_Brief_
Without changing a word, repeat the data, and include no pictures.

Start of Records for this exercise

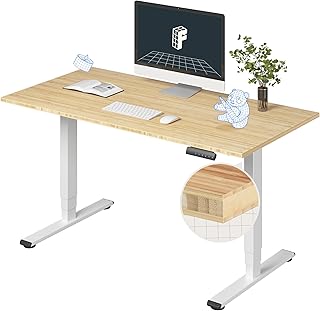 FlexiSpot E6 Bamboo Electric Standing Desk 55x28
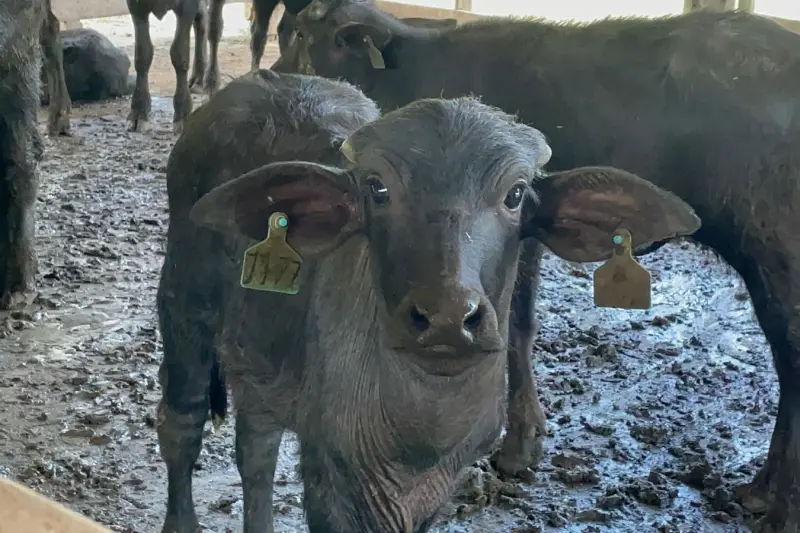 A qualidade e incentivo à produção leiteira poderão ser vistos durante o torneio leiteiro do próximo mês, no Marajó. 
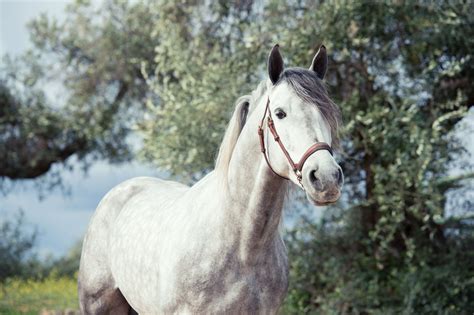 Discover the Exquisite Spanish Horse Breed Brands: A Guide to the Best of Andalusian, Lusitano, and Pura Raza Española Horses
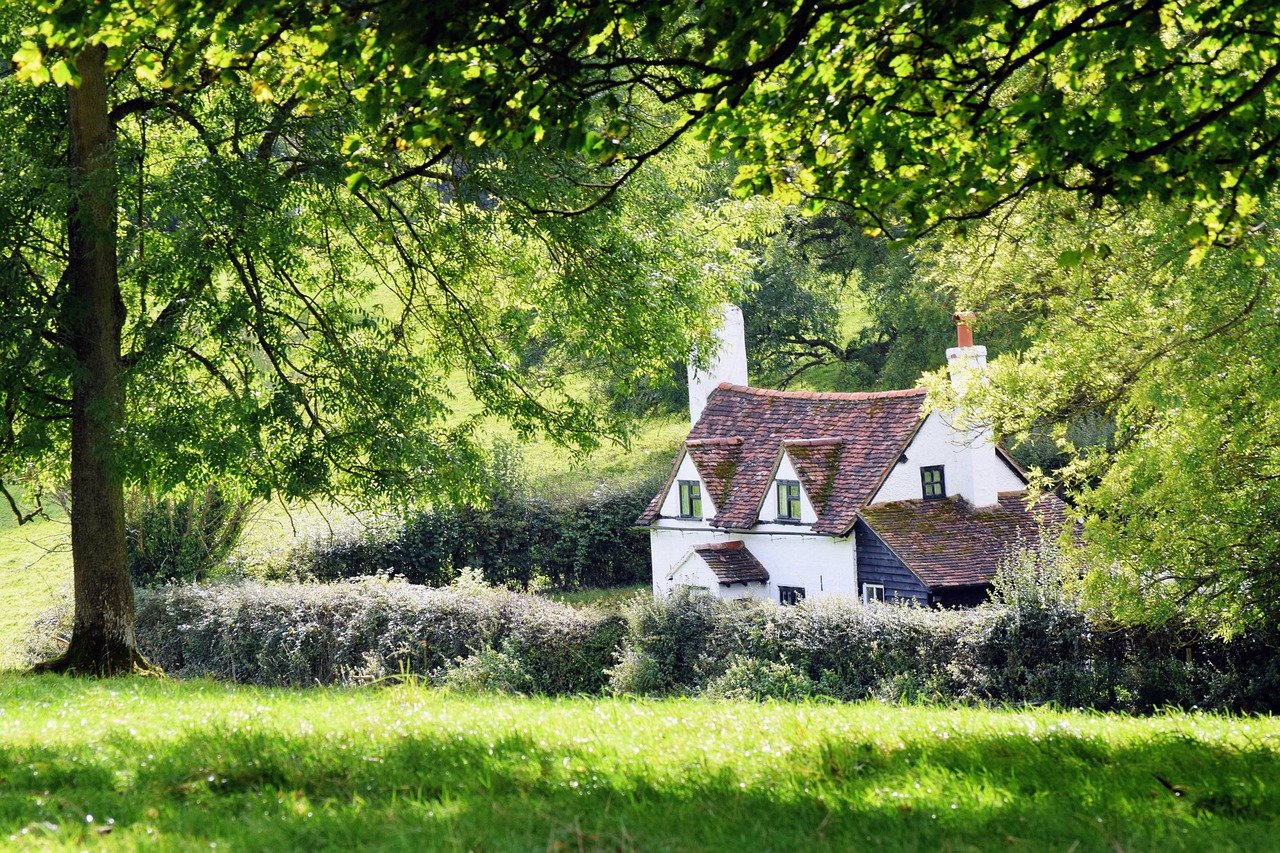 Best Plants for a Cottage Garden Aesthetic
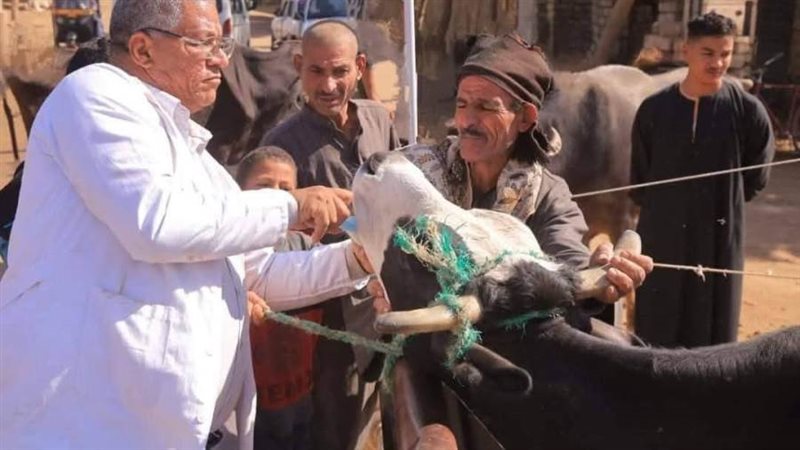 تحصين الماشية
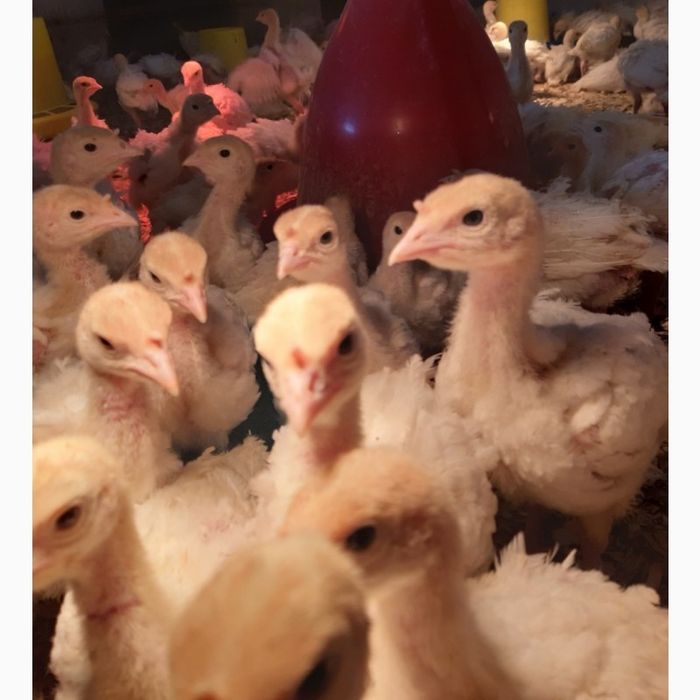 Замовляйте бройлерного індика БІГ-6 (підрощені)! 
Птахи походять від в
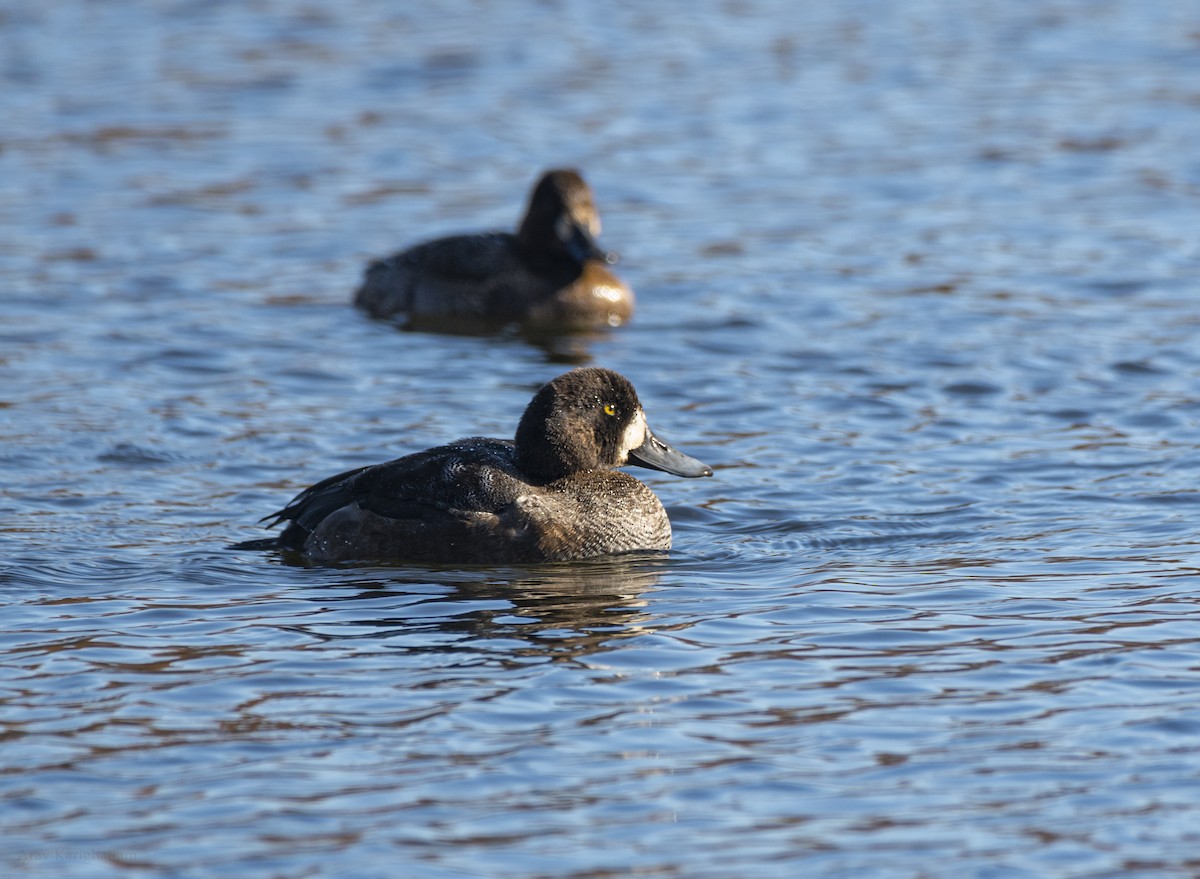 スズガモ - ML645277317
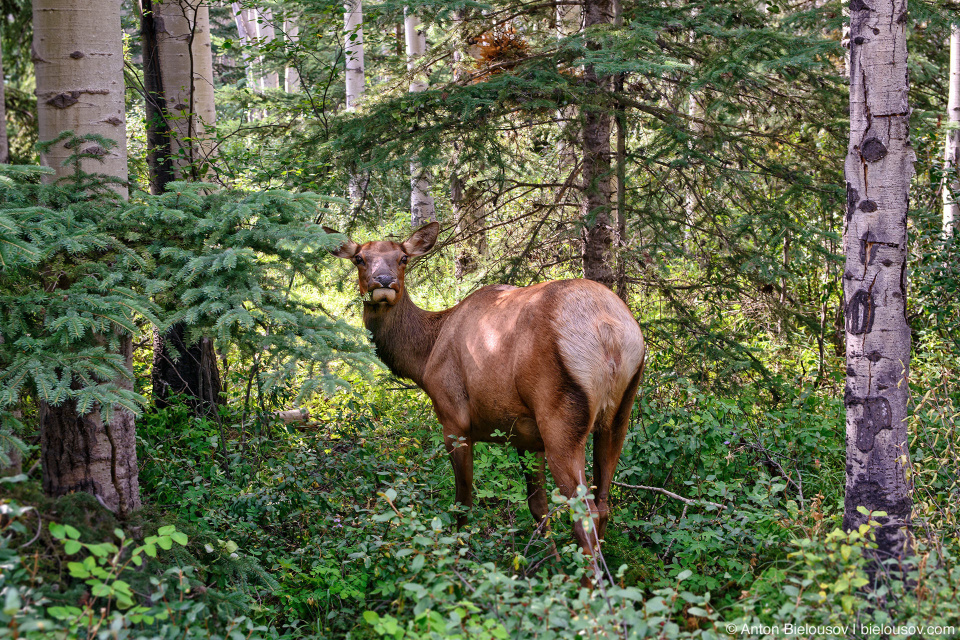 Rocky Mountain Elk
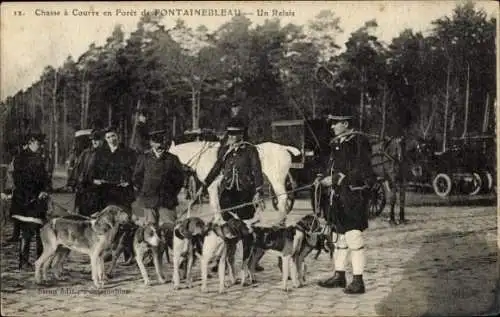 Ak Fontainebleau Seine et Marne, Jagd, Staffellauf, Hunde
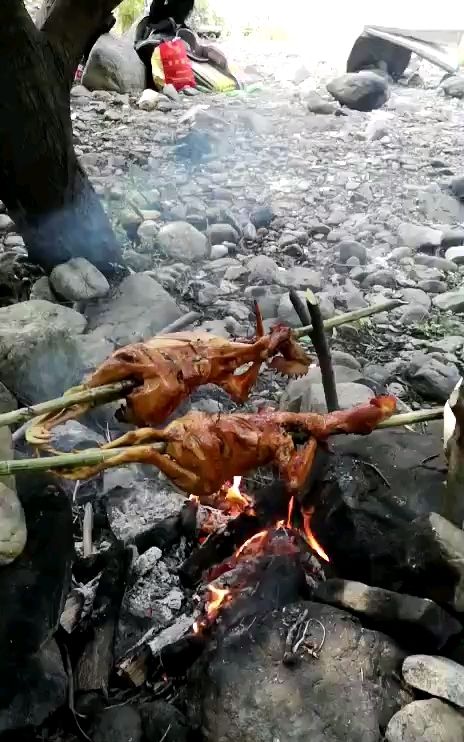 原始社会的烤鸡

End of Records for this exercise

_Answer box_
 FlexiSpot E6 Bamboo Electric Standing Desk 55x28
 A qualidade e incentivo à produção leiteira poderão ser vistos durante o torneio leiteiro do próximo mês, no Marajó. 
 Discover the Exquisite Spanish Horse Breed Brands: A Guide to the Best of Andalusian, Lusitano, and Pura Raza Española Horses
 Best Plants for a Cottage Garden Aesthetic
 تحصين الماشية
 Замовляйте бройлерного індика БІГ-6 (підрощені)! 
Птахи походять від в
 スズガモ - ML645277317
 Rocky Mountain Elk
 Ak Fontainebleau Seine et Marne, Jagd, Staffellauf, Hunde
 原始社会的烤鸡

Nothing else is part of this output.